Farming is important.

At its heart, Deadcraft is a by-the-numbers survival sim. You awaken in a small dilapidated hut and need to build a functioning life. While the game has a main story, you spend a lot of time puttering around the environments and your farm to make sure you're well stocked with supplies. You need to monitor your heath, hunger, stamina and thirst. Allow any to drop too far, and you could very well die. It's all pretty standard in the genre.

While you might be wielding an ax in a postapocalyptic zombie hellscape, you're going to spend quite a bit of time doing other things. It's not quite on the level of a Stardew Valley, but you have your own little patch of land to farm. You can plant various crops and harvest them to either sell or use in crafting recipes. You can get zombie minions to take care of your farm without your input! You can even cross-breed plants or infect them with the zombie virus to create new and strange edibles.

Combat is also by the book. You can equip various weapons and attack enemies with them. There are the usual dodge/block/attack moves, so combat is fun enough in a hack-and-slash sort of way, but a lot of it boils down to getting better weapons and gear. In fact, you'll spend a lot more time farming to power up your character than you will killing things. (There are still a lot of things to kill, mind you.)

Reid's biggest advantage is arguably his biggest weakness. Due to a convoluted series of events, Reid was born half-zombie. Mercifully, this means that part of his body is creepy and zombielike, but the rest of him is just fine. In-game, this means that you have a "zombie meter" that measures your human and zombie sides. Being half-zombie isn't a big issue. Get to close to either side, however, and you'll start to get some negative effects.

Your zombie powers give you improved health and the ability to transform your body into various weapons or shields. The zombie weapons are extremely powerful and often the best way to turn the tide in a difficult battle. The more zombie you are, the more damage you do (but you also take on more damage). The downside is that if you pass a certain threshold of zombiehood, you'll begin to suffer, including shambling movement and the average person thinking you are a zombie instead of a person, so they'll try to kill you.

You can deplete your zombiehood by using powers. This drains your zombie power and in exchange makes you more human. That's a good thing, right? Well, sort of. Your zombie power is also what gives you enhanced health and attack power. The lower it gets, the more like a regular human you are, and regular humans don't usually survive zombie apocalypses. You can replenish this by eating and drinking food made from zombie parts, and a key part of being effective is balancing when you pump your power versus when too much is too much.

Deadcraft is fine. The crafting is fine, the combat is fine, the quests are fine, and everything is perfectly competent. It never really rises above that, though. There are no real major flaws or glowing successes. If you want a zombie postapocalyptic game that is more lighthearted in tone, then Deadcraft offers everything it promises, but it feels almost painfully unambitious for a game with a lot of neat ideas. It isn't bad, but it doesn't do much to stand out besides the half-man/half-zombie concept.

Graphically, it's nothing too special.

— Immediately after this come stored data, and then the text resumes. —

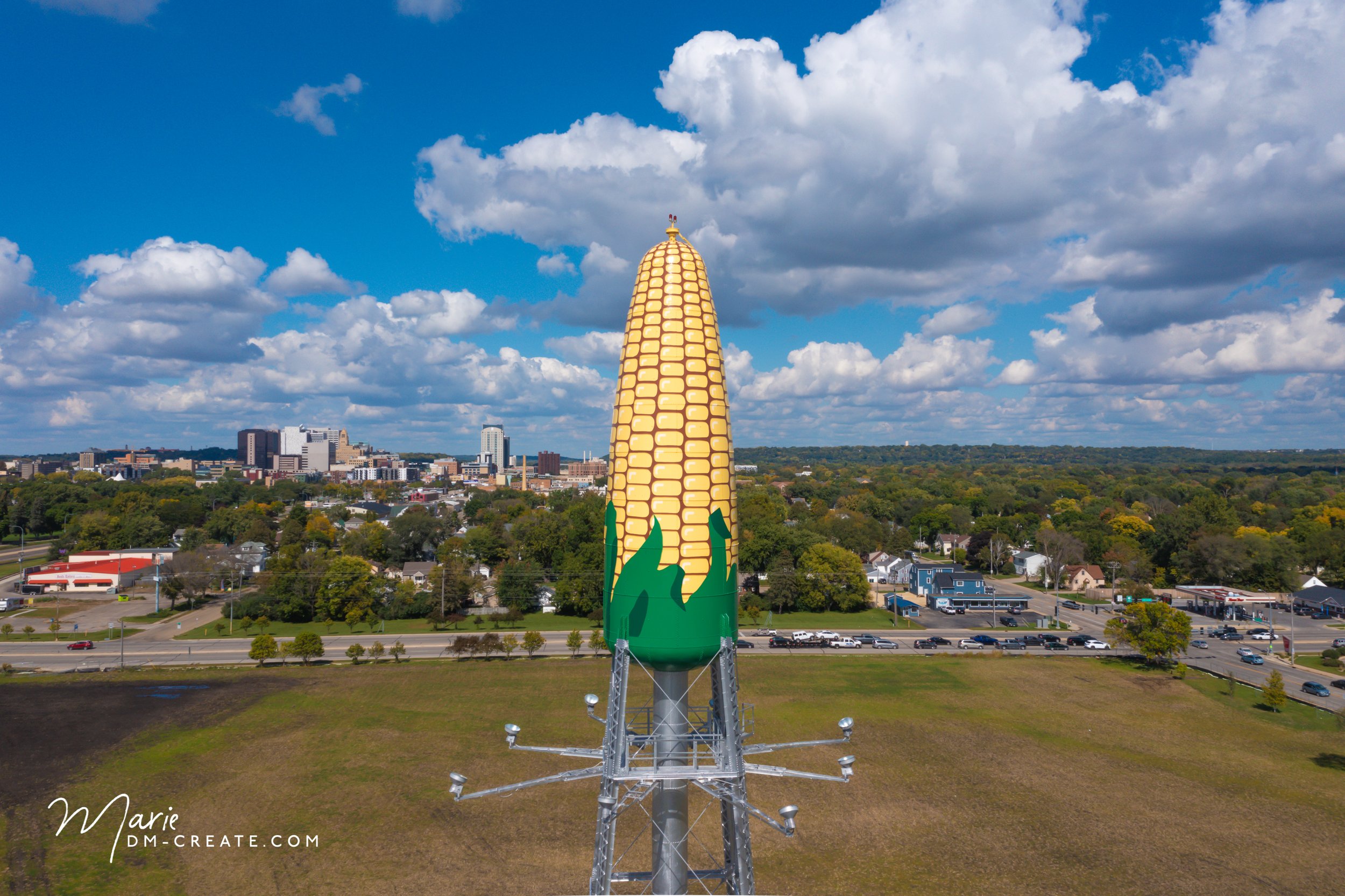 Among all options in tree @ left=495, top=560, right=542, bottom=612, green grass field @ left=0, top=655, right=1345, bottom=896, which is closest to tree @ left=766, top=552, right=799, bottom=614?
green grass field @ left=0, top=655, right=1345, bottom=896

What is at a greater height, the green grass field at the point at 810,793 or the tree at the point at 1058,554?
the tree at the point at 1058,554

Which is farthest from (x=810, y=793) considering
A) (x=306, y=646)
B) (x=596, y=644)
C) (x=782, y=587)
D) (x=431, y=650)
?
(x=782, y=587)

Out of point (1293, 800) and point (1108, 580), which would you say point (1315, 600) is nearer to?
point (1108, 580)

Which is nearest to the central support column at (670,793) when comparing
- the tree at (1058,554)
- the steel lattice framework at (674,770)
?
the steel lattice framework at (674,770)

The entire game has a shaded Borderlands-like comic book style that fits well with the lighthearted game's tone. The environments are rather dull, and the character models don't stand out much. Unfortunately, the same can be said about the music and voice work. There isn't a ton of it, and what it has feels workmanlike. It's not terrible, but it's a budget game, and it shows.

Deadcraft is a standard survival game with zombies and a budget price tag. If the idea interests you, then you'll probably get a good amount of fun out of the game, but if you're on the fence, it doesn't do anything to reel you in. If you really want a new survival game to sink your teeth into, Deadcraft might scratch that itch until a bigger title comes along, but if you're new to the genre, there are plenty of alternatives.